So the first person I ever came out to was my Scottish pen pal in late March after ten long years of denial and suppression. I then came out to my sister and Canadian pen pal the following month. Then in May I went to see my GP and got referred to the Leeds and York Gender Identity Clinic. All of these conversations were absolutely nerve-wracking and really hard for me to muster up the courage. However, they all pale in comparison to how nervous I am to come out to my father and step-father. So much so that I literally cannot imagine talking to them face to face...hence why I am deciding to write them both a letter and since I am on the NHS waiting list...I kinda have a time limit as I'll have to come out to everyone (work etc) and I really feel I should tell these two people before hand. They deserve to know what's up.

I think I am very worried because these are the first two people who I might get a negative response from. My sister, doctor and pen friends ,I was 100% sure, would all be very accepting and sound. And I was correct. In fact, it was my sister that finally encouraged me to see my GP as she could see what the subsequent depression was doing to me.

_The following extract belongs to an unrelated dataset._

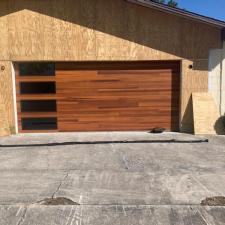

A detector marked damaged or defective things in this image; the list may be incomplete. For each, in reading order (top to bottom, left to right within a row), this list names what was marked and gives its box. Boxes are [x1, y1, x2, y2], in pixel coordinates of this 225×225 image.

I don't really see much of my father and I live with my step-father (it's very complicated) but I am on friendly terms with them both. Both have a history of being rather close-minded on LGBT issues but when I compare the two I think my stepfather will be confused and insensitive at first but eventually come round (like he did with his gay biological son) and if he did have a problem I think he'd be very silent about it...however, my father...I am scared he would hate me. Like...legit be disgusted at who I am...whenever I expressed femininity as a child he would look at me in disgust and try to verbally kick it out of me. He wanted to fill me in like a colouring book but I wasn't for it. When I went into dramatics as a career choice he was immensely disappointed. Hw is a "men should be men" sort of person. He was the main reason I supressed my feminine side through my childhood and that resulted in my subsequent lack of confidence and social skills to some degree.

So, for these reasons, I am coming out by letter...I have written a letter to my father (not my stepfather yet) but everytime I think about emailing it or delivering it a choke up and freeze with nerves. I am not sure it's even that good. I am so scared of saying one thing wrong that antagonises him. I have tried to be as cautious as possible...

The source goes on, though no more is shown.